=== Data provided ===

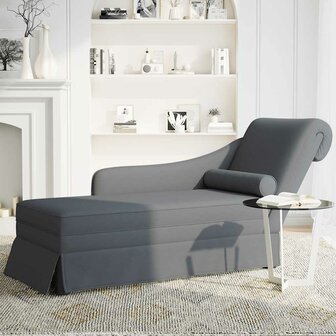 Chaise longue met bolster&amp;rechterarmleuning fluweel donkergrijs 3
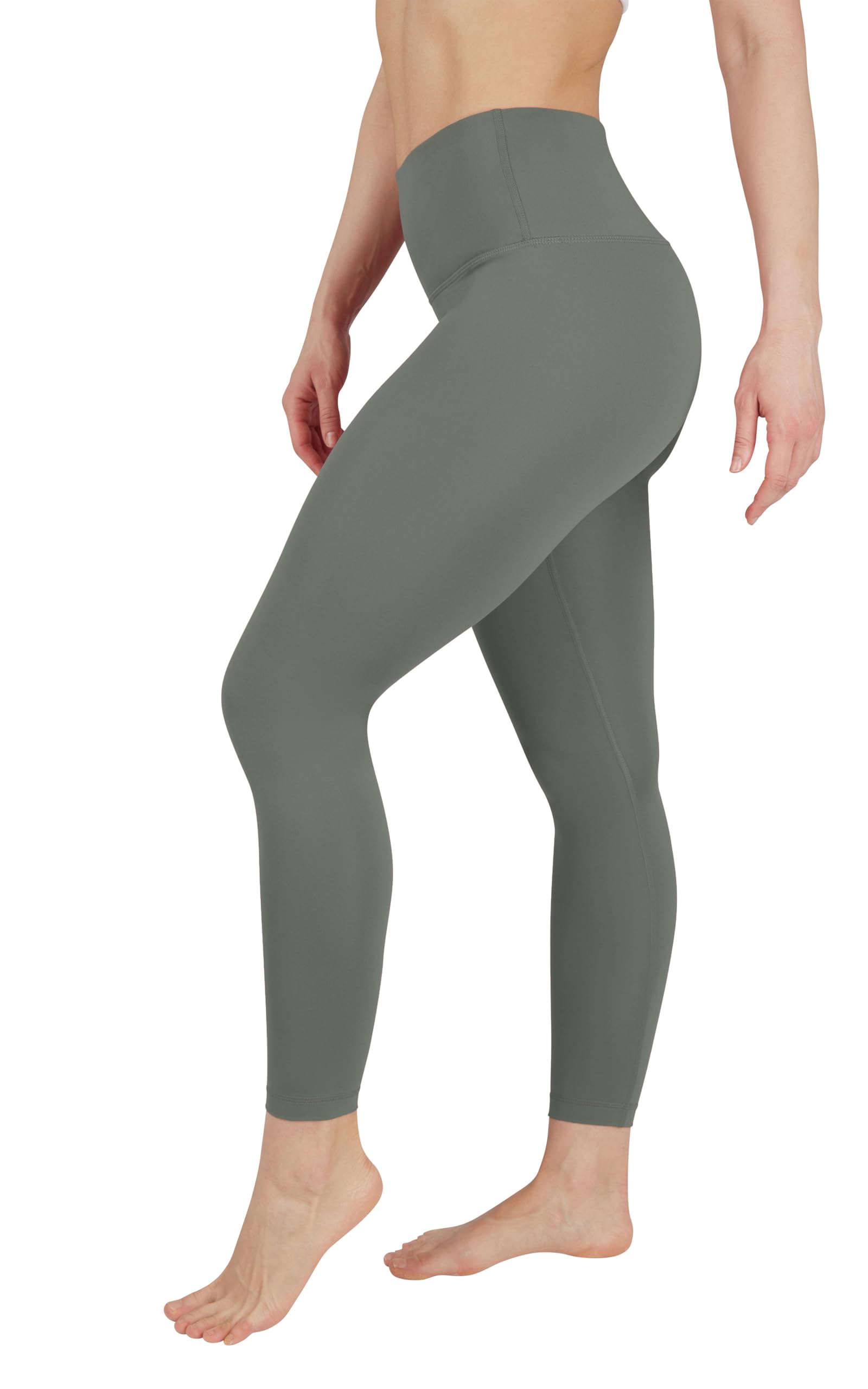 Yogalicious Women's Mulled Basil High Waist Squat Proof Soft Printed Leggings For Large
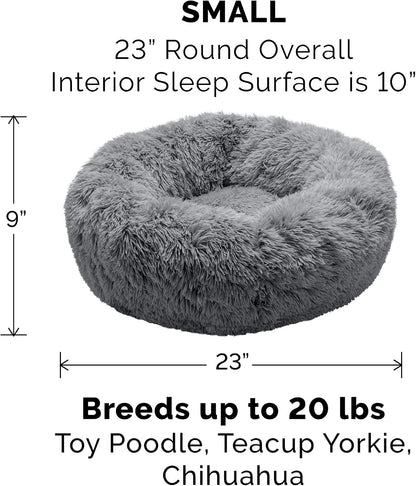 36" Round Calming Donut Dog Bed for Large/Medium Dogs, Refillable w/ Removable Washable Cover, For Dogs Up to 75 lbs - Shaggy Plush Long Faux Fur Donut Bed - Gray, Large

===

§ **Problem description**
Once the line holding "Yogalicious Women's Mulled" is found, copy it and each later line exactly through the end of the data, leaving out the pictures.

§ **Answer to the exercise**
 Yogalicious Women's Mulled Basil High Waist Squat Proof Soft Printed Leggings For Large
 36" Round Calming Donut Dog Bed for Large/Medium Dogs, Refillable w/ Removable Washable Cover, For Dogs Up to 75 lbs - Shaggy Plush Long Faux Fur Donut Bed - Gray, Large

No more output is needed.